PyFind: Privacy-Preserving Device Tracking

PyFind is a privacy-preserving device tracking system using elliptic curve cryptography to enable location sharing without exposing raw coordinates. Research publication: arXiv:2103.02282.

What It Does

Rather than sharing exact GPS coordinates, PyFind uses cryptographic commitments and zero-knowledge proofs to allow location-based applications (finding nearby friends, location services) while maintaining privacy. Users can prove they’re in a geographic region without revealing exact position.

Technologies Used

  • Cryptography: Elliptic curve cryptography (ECC), Pedersen commitments, zero-knowledge proofs
  • Languages: Python (primary implementation), C++ (performance-critical sections)
  • Libraries: cryptography.io, libsodium bindings
  • Protocols: Privacy-preserving spatial indexing, commitment schemes

Key Achievements

  • Mathematical soundness: Formal verification of zero-knowledge proof properties
  • Practical performance: Sub-second proof generation on consumer hardware
  • User experience: Simple API hiding cryptographic complexity
  • Academic publication: Peer-reviewed research contribution

Why It Matters

Privacy and surveillance are increasingly critical concerns. Standard location-based services require sharing exact coordinates with centralized servers—creating privacy risks and single points of failure.

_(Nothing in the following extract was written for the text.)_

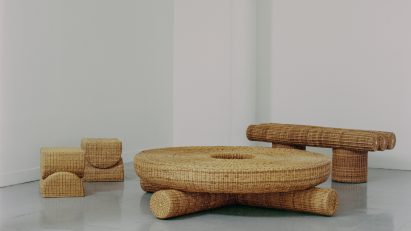 Photograph of two stools, a bench and a table woven from yaré.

Cryptographic approaches like PyFind enable:

  • Server transparency: Servers can verify claims without learning exact positions
  • User control: Users decide granularity of location sharing
  • Decentralization: Reduced need for trusted central authority
  • Forward security: Historical data remains private even if servers are breached

Research Impact

This work contributes to the broader field of privacy-preserving computation, demonstrating practical deployment of advanced cryptography in mobile/IoT contexts.